▶ _Task item_:
The required output holds only the lines from the one containing "2016 Audi A6" through the end of the material below, copied exactly, please, with no pictures.

┌─ Data below

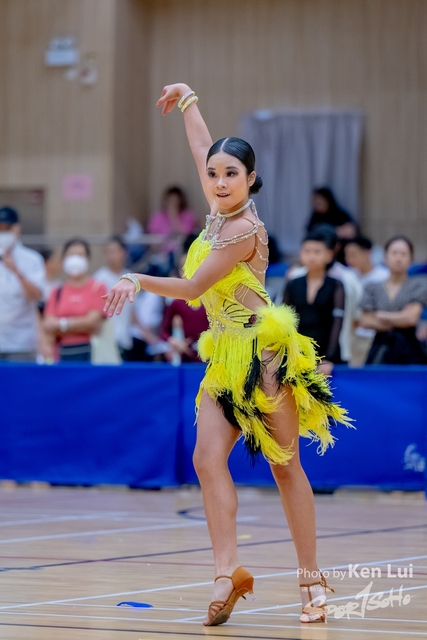 20240630 Dance-1566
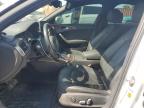 2016 Audi A6 Premium for Sale in Apopka, FL - Rear End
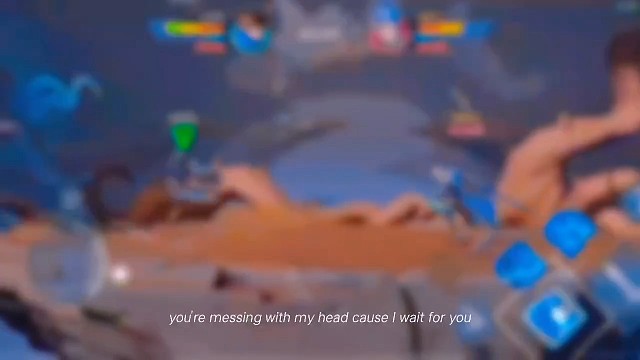 王者荣耀星之破晓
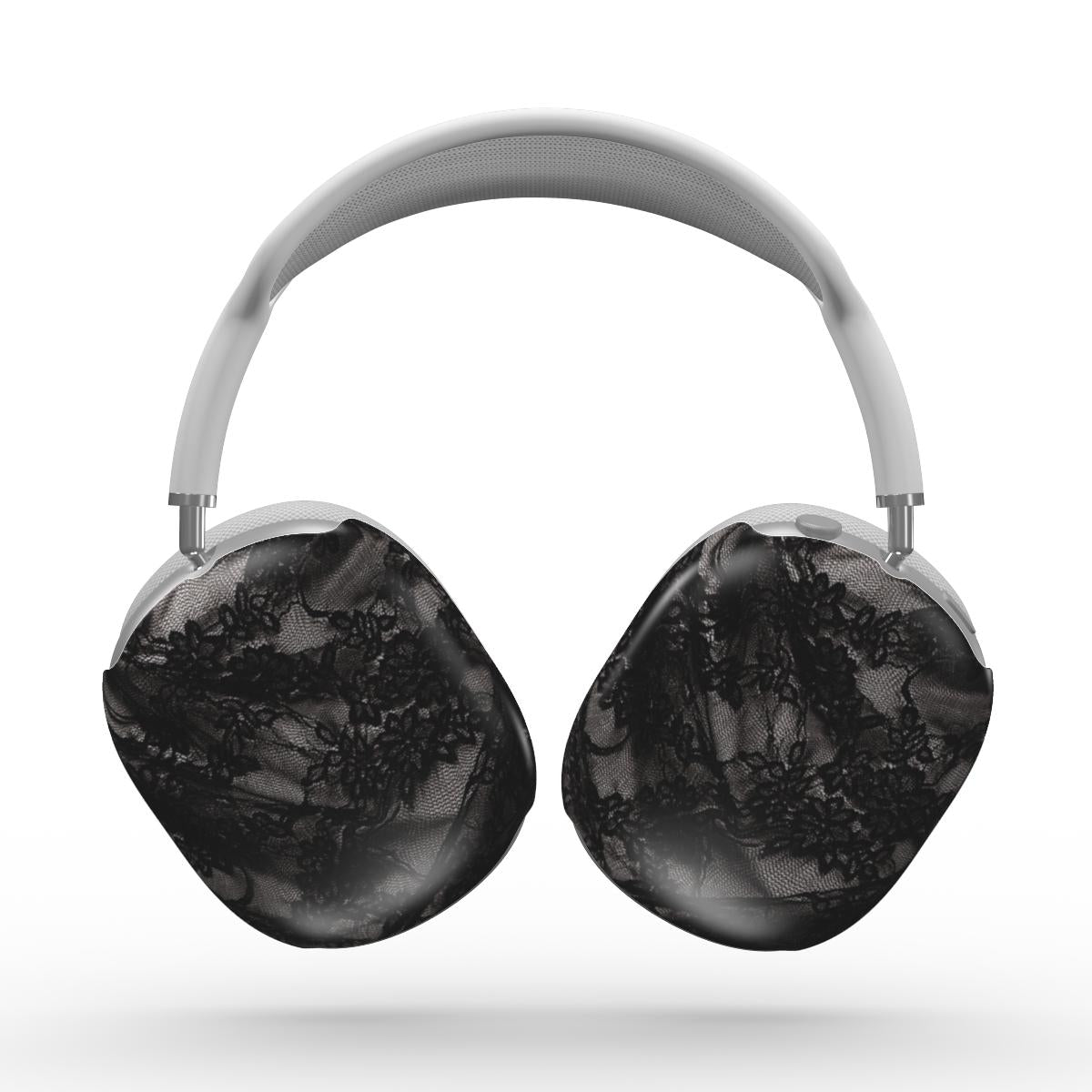 Sexy - Apple AirPods Max Tough Case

└─

▶ _Result_:
 2016 Audi A6 Premium for Sale in Apopka, FL - Rear End
 王者荣耀星之破晓
 Sexy - Apple AirPods Max Tough Case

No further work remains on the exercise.